One exact copy of the listing, minus the images, is the required answer.

** Information provided **
-=-=-=-=-
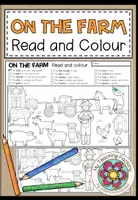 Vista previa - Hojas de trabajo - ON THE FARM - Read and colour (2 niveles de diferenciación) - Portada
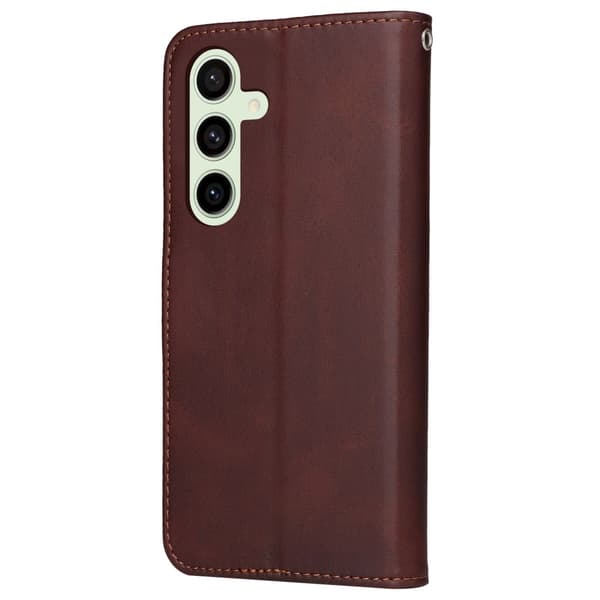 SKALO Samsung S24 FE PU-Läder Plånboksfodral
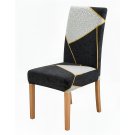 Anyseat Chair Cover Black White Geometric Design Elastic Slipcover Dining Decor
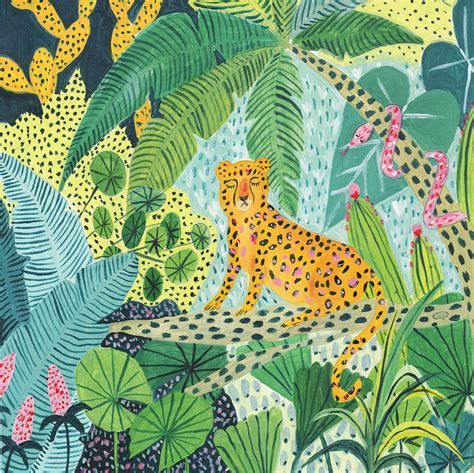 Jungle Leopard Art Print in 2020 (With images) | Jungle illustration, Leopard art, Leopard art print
-=-=-=-=-
** The completed task **
 Vista previa - Hojas de trabajo - ON THE FARM - Read and colour (2 niveles de diferenciación) - Portada
 SKALO Samsung S24 FE PU-Läder Plånboksfodral
 Anyseat Chair Cover Black White Geometric Design Elastic Slipcover Dining Decor
 Jungle Leopard Art Print in 2020 (With images) | Jungle illustration, Leopard art, Leopard art print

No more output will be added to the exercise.